▶ _Problem to work on_
From the records below, please repeat exactly the line that has "Fabulous Jaded London", the line that has "Christmas Cowboy Santa", and every line between them, and nothing else.
Dataset records START
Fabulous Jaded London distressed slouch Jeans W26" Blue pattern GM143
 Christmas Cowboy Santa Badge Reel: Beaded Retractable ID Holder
Dataset records END
Dataset records START
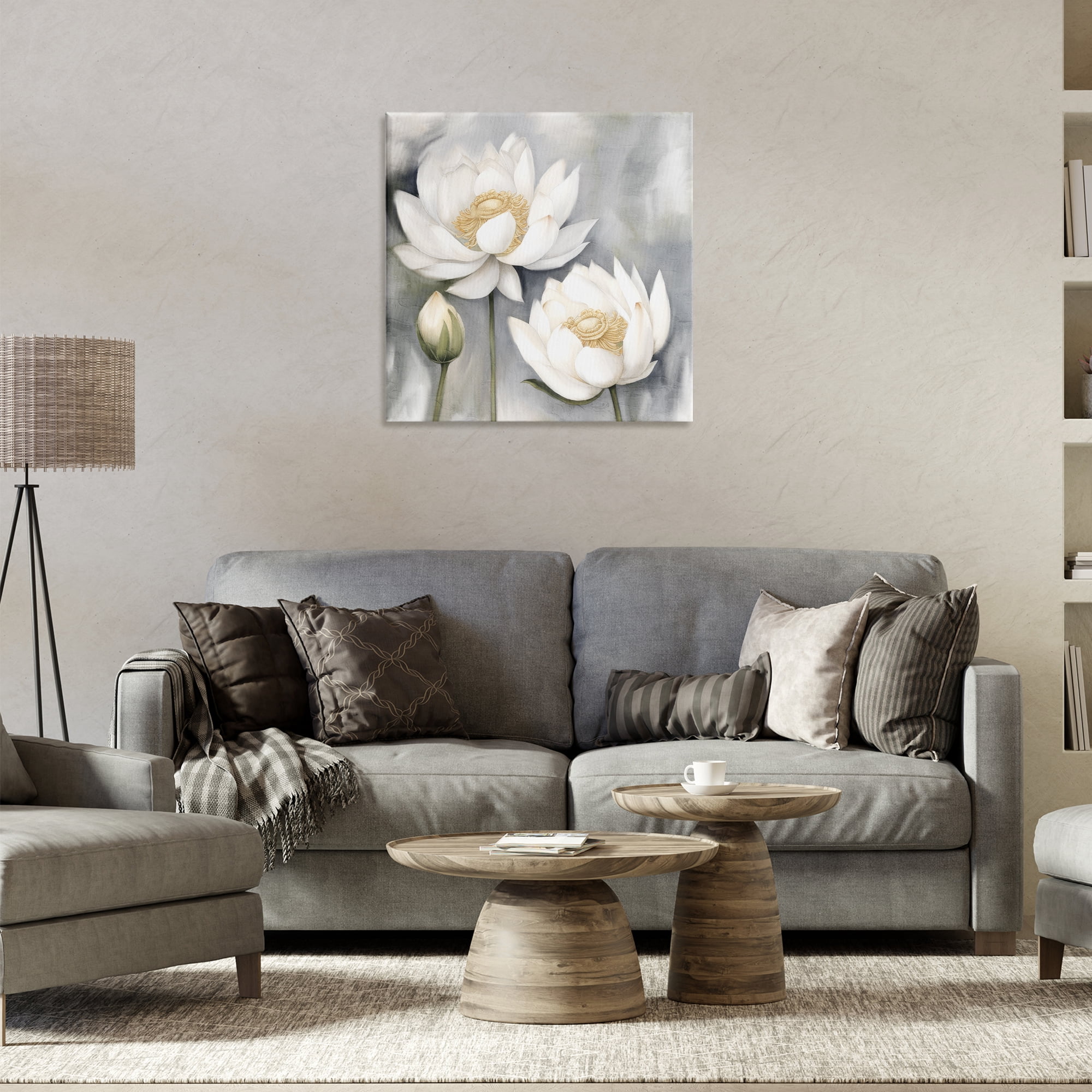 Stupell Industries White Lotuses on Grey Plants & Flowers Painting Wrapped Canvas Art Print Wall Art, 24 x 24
Dataset records END
▶ _Solution to the problem_
Fabulous Jaded London distressed slouch Jeans W26" Blue pattern GM143
 Christmas Cowboy Santa Badge Reel: Beaded Retractable ID Holder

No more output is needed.